Chers futurs mariés, en choisissant le sacrement du mariage, vous ajoutez sur votre liste un invité surprise, c’est Jésus. Il ne sera pas le DJ de d’un soir, mais le compagnon de route de toute une vie. Il vous permettra d’oser une relation ample, ouverte et audacieuse pour que votre vie soit abondante et généreuse dans le don de vous-mêmes. Comme les pêcheurs, nous avons tous des compétences, des talents, des savoir-faire : dans l’accueil, l’écoute, le service, l’animation… que sais-je. Pour être ses témoins, Jésus ne nous retire pas ces talents, bien au contraire, il prend appuie sur eux, il nous invite à aller plus loin, Jésus vient sublimer les talents que nous portons, il les valorise, il les consacre au plus grand nombre.
Être chrétien, c’est consentir à ce que Jésus vienne s’embarquer dans notre vie. Mais alors, il n’aime pas quand nous zonons au bord du rivage, il n’aime pas quand on longe la côte comme on rase les murs. Cap au large, risquons notre vie, le Christ veux perdre pieds avec nous dans les profondeurs de l’humanité pour l’embrasser de son amour, il a besoin de chacun et chacune d’entre nous pour être ses témoins auprès de ceux que nous rencontrons, ou accompagnons, il a besoin de chacun pour aller chercher dans les eaux profondes les personnes les plus oubliées, les plus meurtries, les plus en attente d’espérance.
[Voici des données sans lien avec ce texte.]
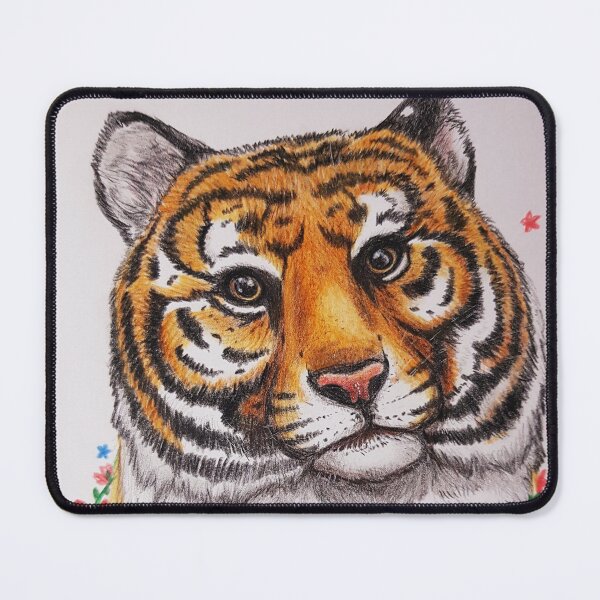 Item preview, Pretty Tiger designed and sold by Werewolf1343.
Vivre son baptême, c’est répondre à cet appel et pourquoi pas comme Isaïe qui prend même les devants en disant : « Moi, je serai ton messager : envoie-moi ».
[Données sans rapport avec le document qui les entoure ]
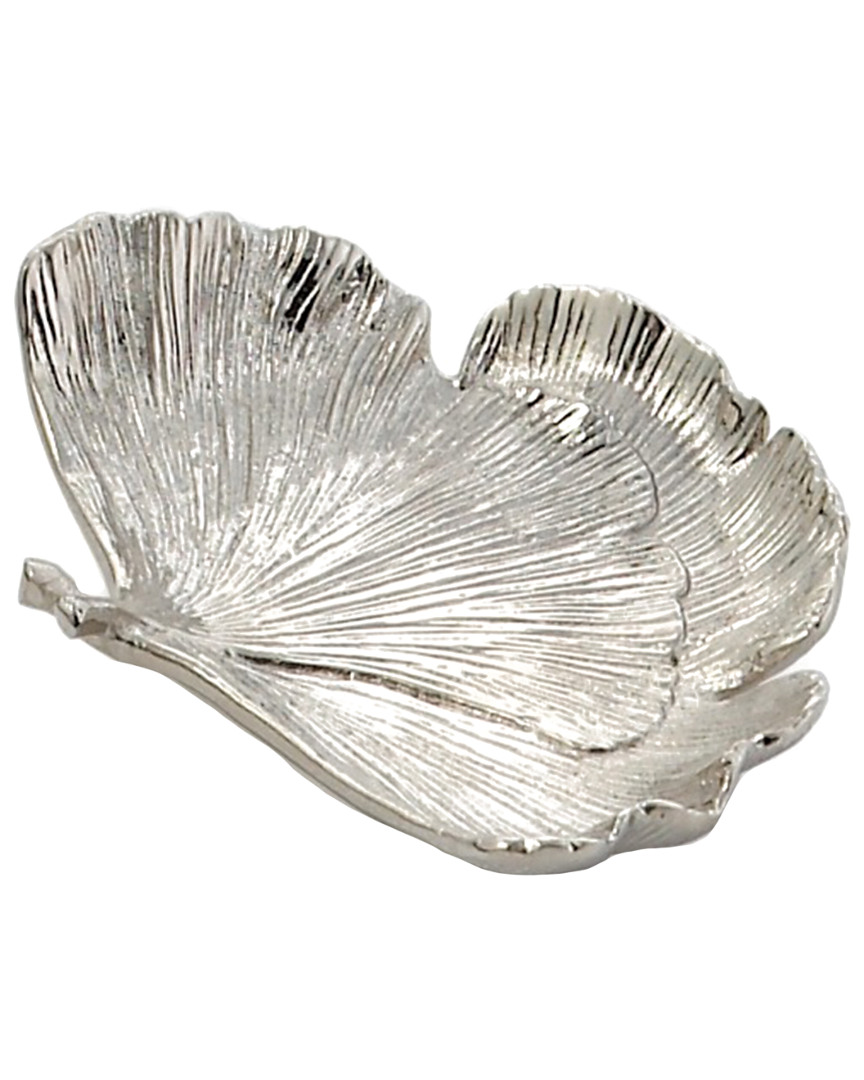 Michael Aram Ginkgo Catch All In Nocolor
Seigneur, nous réalisons que pour embrasser cette humanité de ton amour, tu as besoin de nos bras pour jeter les filets dans les abîmes où beaucoup n’arrivent pas à émerger. Il y a de quoi être surpris et effrayé par le poids, par l’ampleur de la mission, mais comme dans l’évangile, tu nous invites à faire signe à d’autres. Comme les barques, notre cœur est débordant. Et quand la célébration s’achève, que l’aventure commence. De retour sur le rivage, que nous puissions ainsi te suivre. Amen.